Rewind: The all-girl a cappella superstars of Barden University, the very ones that have made the “Pitch Perfect” franchise a big, fat hit are back, in full musical and comedic force!

The first charming movie appeared in 2012 with their pop competitions, and although the music was clearly enhanced, it hit a cord with the world, spinning into “Pitch Perfect 2” (2015). Like most seconds, it was trying too hard to please.

Today we have “Pitch Perfect 3,” the final chapter of the trilogy, and it’s back to the original fun.

“Pitch Perfect 3” is easy and believable. The Bellas come out of retirement to win a spot on “The Voice.” Directed by Trish Sie, the movie is brimming with positive “girl power,” and it’s fast and clever. The personalities of its stars shine—the perpetually perky Anna Kendrick, the shining and spirited Hailee Steinfeld and the very droll Rebel Wilson.

The Bellas’ college days are long behind them and they are out in the real world and stuck in the mind-numbing boredom that accompanies most dead-end jobs. Beca (Kendrick) is a record producer but gets fired after a run-in with a white rapper in rasta braids. The USO saves them. The Bellas are invited, by one group member’s military father, to join a USO tour of Europe, and they grab the chance.

At the airport, they run into a rival ensemble whose members actually play instruments. Forced to go a cappella, the Bellas do a face-off of medleys, including a very funny “Get the Party Started.”

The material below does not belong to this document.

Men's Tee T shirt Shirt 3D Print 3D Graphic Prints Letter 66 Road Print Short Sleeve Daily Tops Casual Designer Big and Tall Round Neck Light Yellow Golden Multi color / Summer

Another great performance is wrapped about Sia’s “Cheap Thrills.”

Wilson’s Fat Amy reconnects with her father, an Aussie gangster played by John Lithgow, who is so brilliant it’s hard to believe that he’s not actually just that. He’s a bad dad and out to get Amy’s $180 million inheritance (stashed by her late mother in the Cayman Islands). When he kidnaps the Bellas and stows them on his yacht, there’s only one thing left for them to do: sing, take over the joint and perform a version of Britney Spears’ “Toxic.”

In the finale the Bellas, onstage for the very last time, do a steaming rendition of George Michael’s “Freedom ’90”—it’s a rebel cry of victory. This is the last one in the franchise, and it’s a good one.